This is one of these places where a little theory is helpful. You need to think about several things:

  • what is the resolution of your measurements: 0.1° or 0.001°? 1 second or one microsecond?
  • are the measurements associated and in some order, or tossed together randomly?

Let's say, just for example, that the resolution is 0.01°. Them you know that your values range from -180° to +180°, or 35900 different values. Lg(35900) ≈ 16 so you need 16 bits; 14 bits for -90°–+90°. Clearly, if you're storing this kind of value as floating-point, you can compress the data by half immediately.

Similarly with date time, what's the range; how many bits must you have?

Now, if the data is in some order (like, samples taken sequentially aboard a single ship) then all you need is a start value and a delta; that can make a big difference. With a ship traveling at 30 knots, the position can't change any more that about 0.03 degrees an hour or about 0.0000083 degrees a second. Those deltas are going to be very small values, so you can store them in a very few bits.

The point is that there are a number of things you can do, but you have to know more about the data than we do to make a recommendation.

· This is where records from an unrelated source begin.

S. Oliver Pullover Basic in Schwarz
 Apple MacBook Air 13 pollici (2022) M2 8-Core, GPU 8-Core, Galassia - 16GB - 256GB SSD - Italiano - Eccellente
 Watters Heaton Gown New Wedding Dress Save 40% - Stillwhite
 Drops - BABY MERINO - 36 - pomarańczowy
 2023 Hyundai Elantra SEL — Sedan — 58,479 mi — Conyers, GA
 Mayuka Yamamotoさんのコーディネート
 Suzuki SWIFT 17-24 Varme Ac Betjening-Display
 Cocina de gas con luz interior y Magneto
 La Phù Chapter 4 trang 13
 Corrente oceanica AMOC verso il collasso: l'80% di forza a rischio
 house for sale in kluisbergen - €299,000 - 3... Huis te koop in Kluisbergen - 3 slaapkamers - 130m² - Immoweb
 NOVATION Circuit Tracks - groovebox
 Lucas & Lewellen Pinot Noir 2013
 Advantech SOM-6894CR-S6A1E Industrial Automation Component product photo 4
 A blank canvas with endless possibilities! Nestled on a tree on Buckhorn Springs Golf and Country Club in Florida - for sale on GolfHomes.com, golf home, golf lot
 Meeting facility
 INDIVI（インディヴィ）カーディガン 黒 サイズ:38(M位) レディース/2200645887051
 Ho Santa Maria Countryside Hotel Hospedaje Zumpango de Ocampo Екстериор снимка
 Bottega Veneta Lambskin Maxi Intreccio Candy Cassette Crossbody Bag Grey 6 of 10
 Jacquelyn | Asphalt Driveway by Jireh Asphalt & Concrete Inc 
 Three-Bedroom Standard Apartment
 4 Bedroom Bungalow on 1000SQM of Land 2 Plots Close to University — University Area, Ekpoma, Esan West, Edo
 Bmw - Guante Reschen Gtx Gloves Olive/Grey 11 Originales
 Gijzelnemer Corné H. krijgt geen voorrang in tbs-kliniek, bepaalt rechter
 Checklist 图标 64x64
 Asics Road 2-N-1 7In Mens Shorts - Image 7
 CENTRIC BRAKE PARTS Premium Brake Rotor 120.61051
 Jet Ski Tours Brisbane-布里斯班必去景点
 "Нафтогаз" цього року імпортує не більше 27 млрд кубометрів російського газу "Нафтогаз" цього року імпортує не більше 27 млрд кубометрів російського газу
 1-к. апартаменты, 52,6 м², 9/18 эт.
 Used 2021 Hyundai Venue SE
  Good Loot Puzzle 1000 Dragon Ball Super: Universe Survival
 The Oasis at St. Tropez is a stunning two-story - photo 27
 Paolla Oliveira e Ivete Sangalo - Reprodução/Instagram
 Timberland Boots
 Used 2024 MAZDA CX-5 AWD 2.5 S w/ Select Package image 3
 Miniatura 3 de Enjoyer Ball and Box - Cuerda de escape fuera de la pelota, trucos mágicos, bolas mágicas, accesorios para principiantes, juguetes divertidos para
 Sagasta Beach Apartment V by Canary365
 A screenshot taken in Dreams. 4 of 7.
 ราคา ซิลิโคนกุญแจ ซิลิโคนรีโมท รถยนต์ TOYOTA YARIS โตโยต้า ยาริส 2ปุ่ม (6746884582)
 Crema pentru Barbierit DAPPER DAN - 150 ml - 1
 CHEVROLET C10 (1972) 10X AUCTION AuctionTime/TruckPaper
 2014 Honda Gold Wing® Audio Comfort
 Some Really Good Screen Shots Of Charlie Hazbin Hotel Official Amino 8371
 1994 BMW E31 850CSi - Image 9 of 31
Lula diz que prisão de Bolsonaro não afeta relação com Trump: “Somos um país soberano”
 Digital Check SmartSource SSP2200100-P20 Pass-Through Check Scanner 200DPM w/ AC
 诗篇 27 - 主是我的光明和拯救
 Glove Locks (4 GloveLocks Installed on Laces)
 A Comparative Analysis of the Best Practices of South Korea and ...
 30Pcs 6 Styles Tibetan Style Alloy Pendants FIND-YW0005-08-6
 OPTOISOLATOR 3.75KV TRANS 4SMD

Update: Oh, wait, fixed point strings?!

Okay, this is (relatively) easy. Just to start with, yes, you want to convert your strings into some binary representation. Just making up a data item, you might have

040.00105.0020090518212100Z

which you could convert to

|  4000            | short int, 16 bits |  
| 10500            | short int, 16 bits |  
| 20090518212100Z  | 64 bits            |

So that's 96 bits, 12 bytes versus 26 bytes.

OTHER TIPS

Compression typically works on a byte stream. When a stream has a non-uniform distribution of byte values (for instance text, or numbers stored as text), the compression ratio you can achieve will be higher, since fewer bits are used to store the bytes which appear more frequently (in Huffman compression).

Typically, the data you are talking about will simply be stored as binary numbers (not text), and that's usually space and retrieval efficient.

I recommend you have a look at The Data Compression Book

What kind of data are you compressing? How is it distributed? Is it ordered in any way? All of these things can affect how well it compresses, and perhaps allow you to convert the data in to something more easily compressed, or simply smaller right out the gate.

Data compress works poorly on "random" data. If your data is within a smaller range, you may well be able to leverage that.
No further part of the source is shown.